North Carolina tax cap measure draws legal challenge

Two North Carolina nonprofit organizations and the governor plan separate legal challenges of proposed constitutional amendments on the November ballot, including one asking voters to cap the state income tax rate.

Clean Air Carolina and the North Carolina NAACP filed a lawsuit Monday in the Wake County General Court Of Justice, Superior Court Division, contesting four of six amendments the Republican-led Legislature placed on the ballot.

North Carolina Gov. Roy Cooper

One amendment the groups want stripped from the ballot would “limit future, legitimately-elected legislatures’ power to set state income tax rates higher than 7%, which could limit funding for programs in support of those living in poverty, civil rights, and environmental protection programs,” the groups, represented by the Southern Environmental Law Center, said.

Part of their legal argument that supports stripping four amendments from the ballot is based on the fact that the amendments were proposed by lawmakers who represent districts that the United States Supreme Court ruled illegal because of racial gerrymandering, the lawsuit said.

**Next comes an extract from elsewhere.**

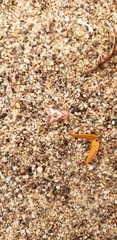 Odontiini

Capping the state income tax could present “unnecessary budgetary challenges should the state experience significant fiscal stress in the future," S&P Global Ratings said in a July 9 report.

North Carolina’s allowable maximum income tax rate is currently 10%.

S&P analyst Timothy Little said the proposed constitutional amendment comes several years after the state began reducing its income tax rates and expanding its tax base. The state moved to a flat tax rate of 5.8% in 2014. On Jan. 1, 2019, the state budget lowers the personal income tax rate to 5.25% from 5.499%.

“Given the current distance of the personal income tax rate from the proposed maximum allowable rate, we do not expect voter approval of the [tax rate] reduction to have a rating impact,” Little said. “For fiscal 2017, individual income taxes were the state's largest general fund revenue source, 52.9%, followed by sales and use taxes, 31%.”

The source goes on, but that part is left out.